Adaptive Sampling
Contents
Adaptive Sampling#
In this tutorial you will learn:
Basic acquisition using the BlueSky RunEngine
Generating basic acquisition plans for multiple sample environments on a simulated diffraction beamline
How to use the Bluesky Adaptive harness to readily integrate AI-agents with the beamline
Demonstration of Reinforcement Learning (RL) being used to optimize data collection strategies
For more bluesky tutorials, go to https://blueskyproject.io/tutorials.
Some of the software we use:#
Bluesky RunEngine for experiment orchestration (sequencing)
Bluesky Ophyd for device integration (for this demo, a simulated detector)
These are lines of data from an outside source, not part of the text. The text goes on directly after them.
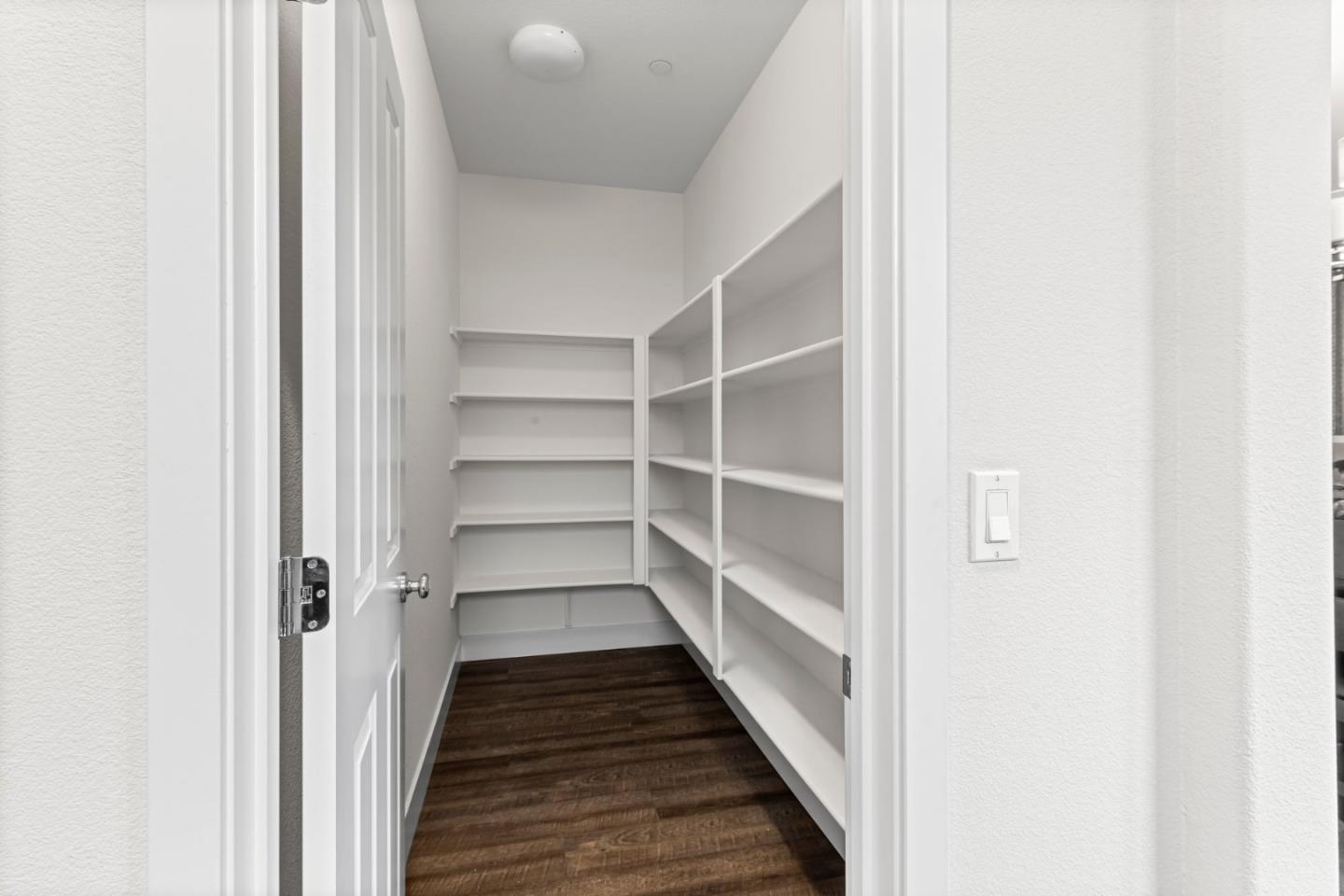 Detail Gallery Image 12 of 41 For 9850 Bobcat Ct, Gilroy,  CA 95020 - 4 Beds | 3/1 Baths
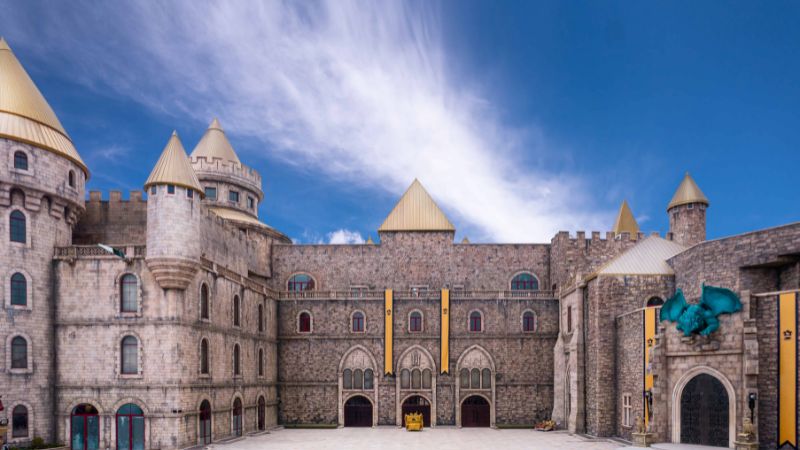 Lâu đài Mặt trăng với kiến trúc ấn tượng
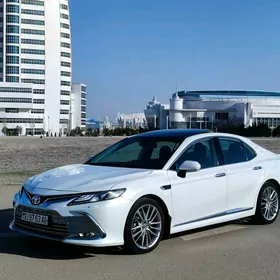 Toyota Camry 2022
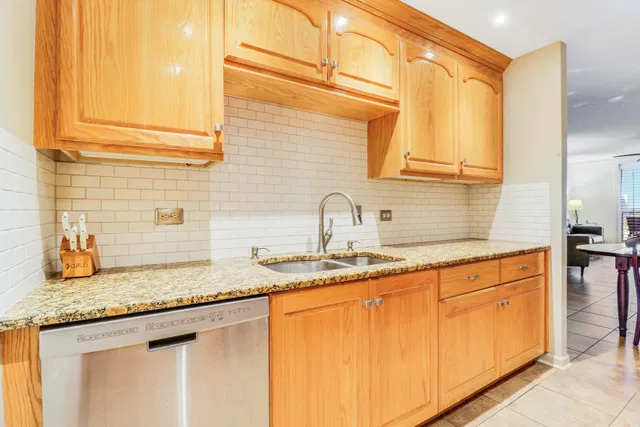 Unit Apt 607 photo 12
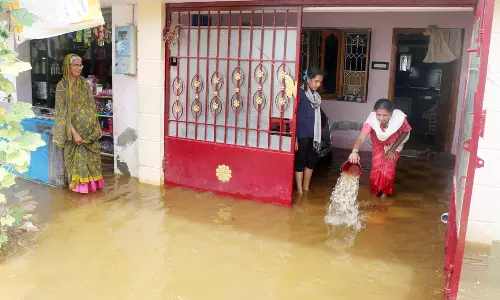 வீடுகளுக்குள் தண்ணீர் புகுந்ததால் பொதுமக்கள் அவதி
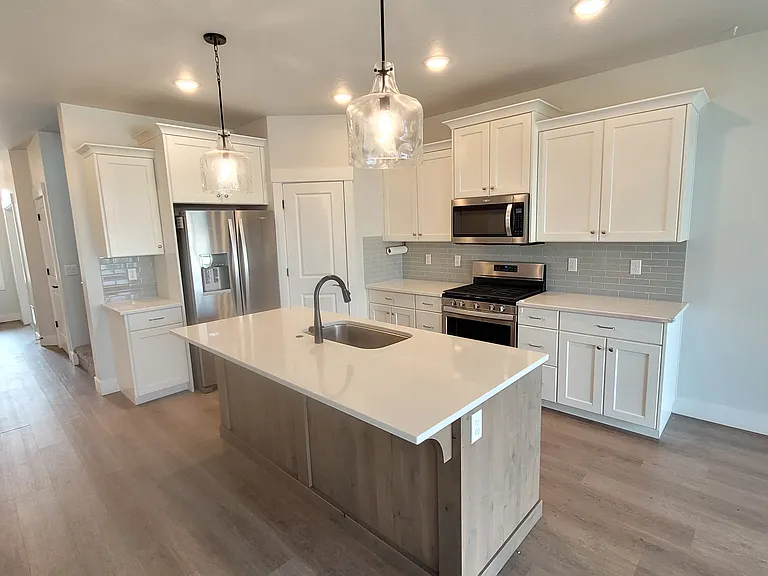1768 W Crosswind St — Photo 13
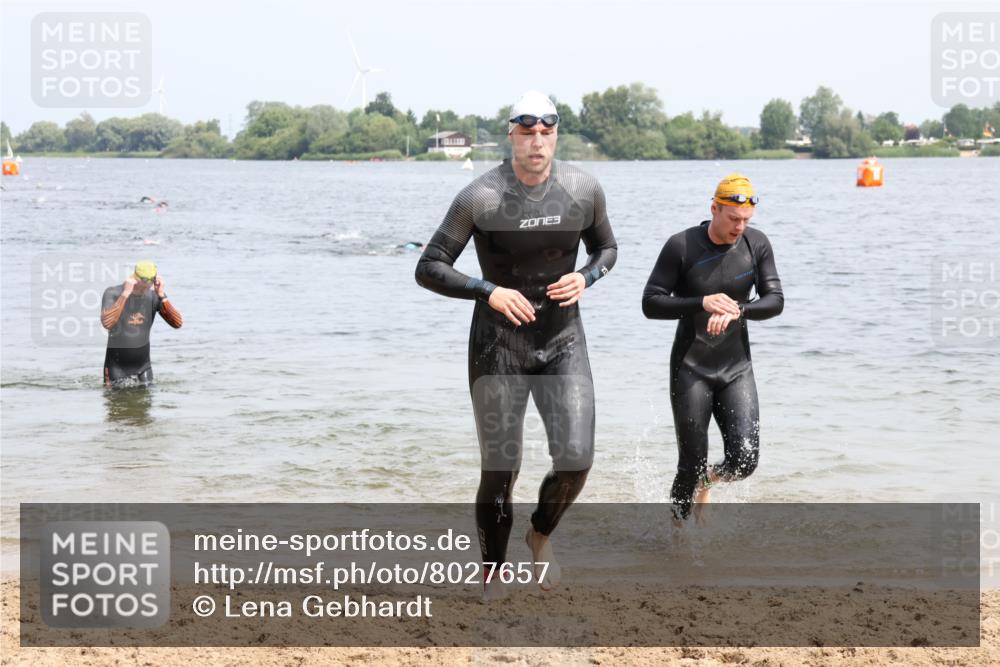 15.06.2025 - 27. Vierlanden-Triathlon Lena Gebhardt http://msf.ph/oto/8027657 15.06.2025 11:00:47 Schwimmen 637, 678, 681, 699, 723, 746 meine-sportfotos.de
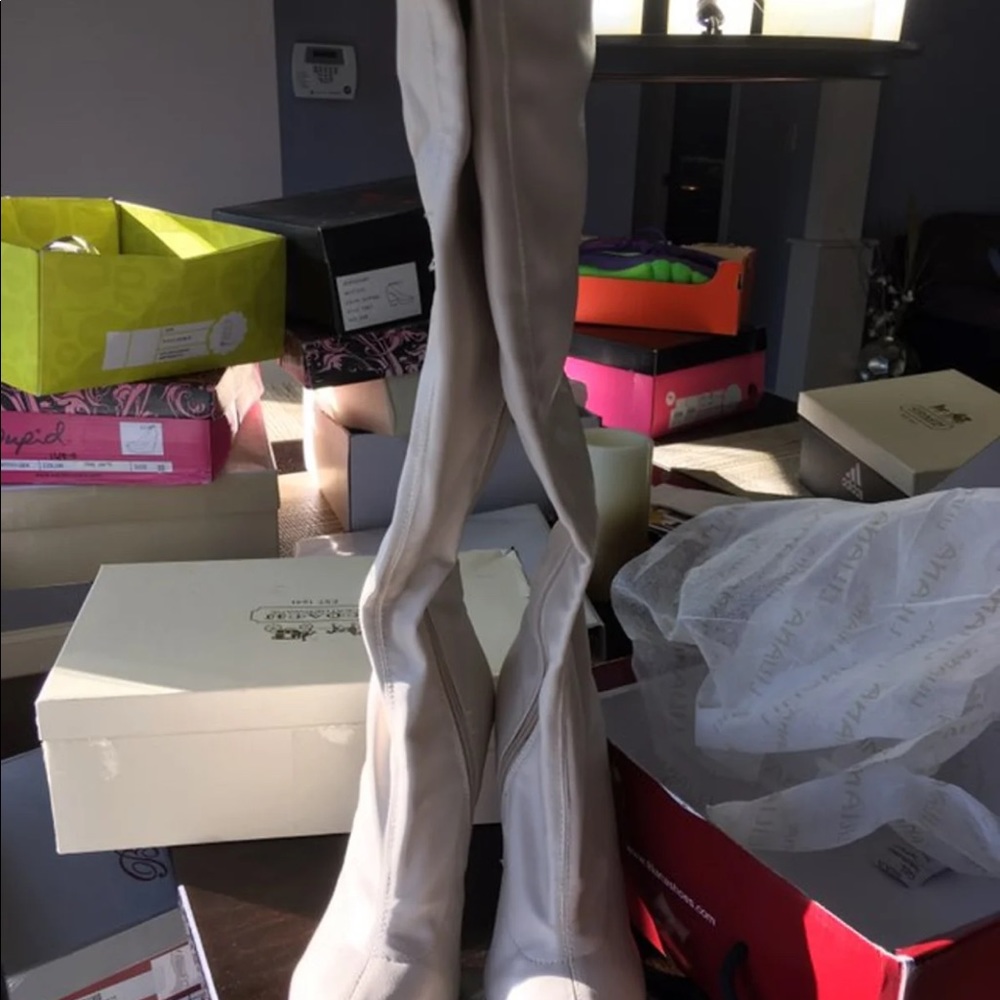 Like New Only Tren Them On Too Big For Me.. - image 3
Bluesky Widgets components for live-updating (“streaming”) visualization
Matplotlib for visualization
Bluesky Adaptive, an adaptive “harness” for integrating an Agent in a feedback loop with the Bluesky RunEngine
Tensorflow for the model
%matplotlib widget
import matplotlib.pyplot as plt
from bluesky import RunEngine
from bluesky.plans import count
from utils.simulated_hardware import detector, sample_selector, select_sample
from utils.visualization import stream_to_figures
from utils.adaptive_recommendations import with_agent
detector.delay = 1
Make a “RunEngine”#
The RunEngine is responsible for orchestrating the operation of the beamline. It
Processes a set of instructions (a “plan”) from the user
Direct hardware, tracks what is moving when, and tries to clean up correct in the event of success or failures
Emits metadata and data in a streaming fashion for consumers (plots, models, storage, etc.)
RE = RunEngine()
We can now use RunEngine to move things and it collect data.
Switch between samples#
For this tutorial, we will be moving a sample_selector
ophyd device, which can switch between samples on our simulated beamline. We can read the current status of the motor to see which sample we are currently on.
sample_selector.read()
{'sample_selector': {'value': 0, 'timestamp': 1682197314.1015368}}
To move this motor, we could use the built-in bluesky mv
plan…
from bluesky.plan_stubs import mv
RE(mv(sample_selector, 2))
sample_selector.read()
{'sample_selector': {'value': 2, 'timestamp': 1682197314.7594862}}
Or, we can write our own custom plan with whatever language and extensions we wish.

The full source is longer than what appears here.